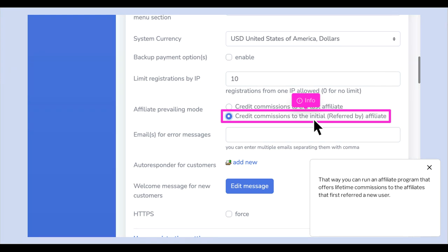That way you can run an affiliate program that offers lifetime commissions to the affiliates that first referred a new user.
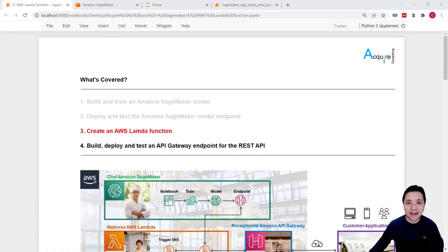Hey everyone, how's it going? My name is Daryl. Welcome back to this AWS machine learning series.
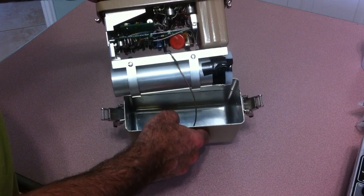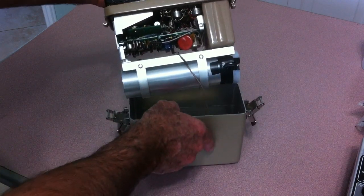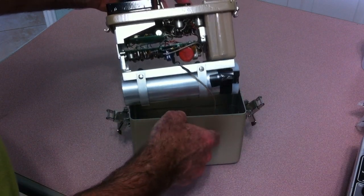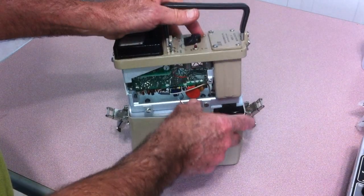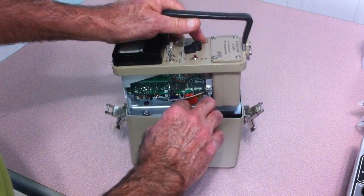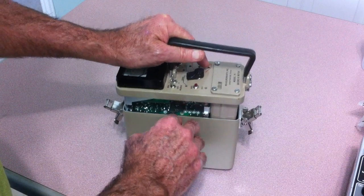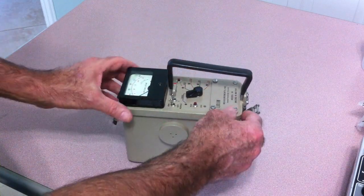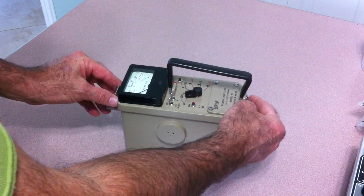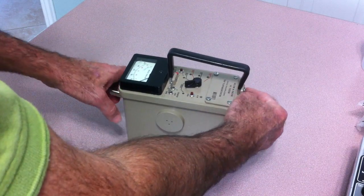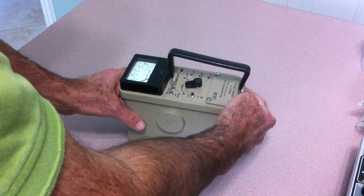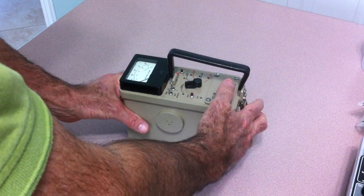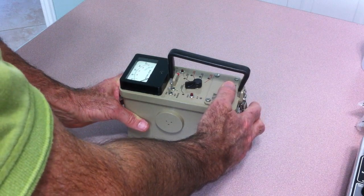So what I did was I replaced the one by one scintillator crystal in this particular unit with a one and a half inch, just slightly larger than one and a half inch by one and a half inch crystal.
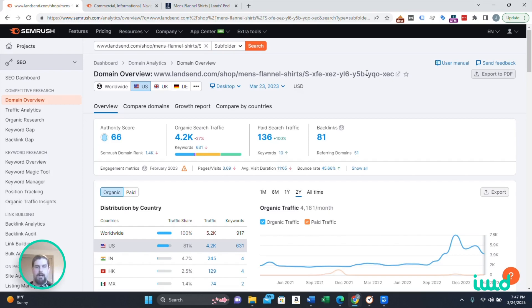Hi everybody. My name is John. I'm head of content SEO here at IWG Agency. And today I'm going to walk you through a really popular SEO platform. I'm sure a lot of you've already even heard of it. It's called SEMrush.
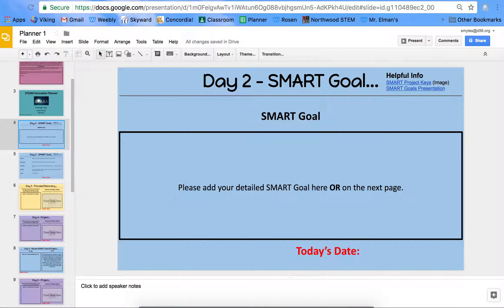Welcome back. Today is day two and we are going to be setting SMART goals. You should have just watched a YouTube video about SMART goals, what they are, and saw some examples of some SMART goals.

------------------------

Each record should be printed again precisely, though not its pictures.

That way you can run an affiliate program that offers lifetime commissions to the affiliates that first referred a new user.
Hey everyone, how's it going? My name is Daryl. Welcome back to this AWS machine learning series.
So what I did was I replaced the one by one scintillator crystal in this particular unit with a one and a half inch, just slightly larger than one and a half inch by one and a half inch crystal.
Hi everybody. My name is John. I'm head of content SEO here at IWG Agency. And today I'm going to walk you through a really popular SEO platform. I'm sure a lot of you've already even heard of it. It's called SEMrush.
Welcome back. Today is day two and we are going to be setting SMART goals. You should have just watched a YouTube video about SMART goals, what they are, and saw some examples of some SMART goals.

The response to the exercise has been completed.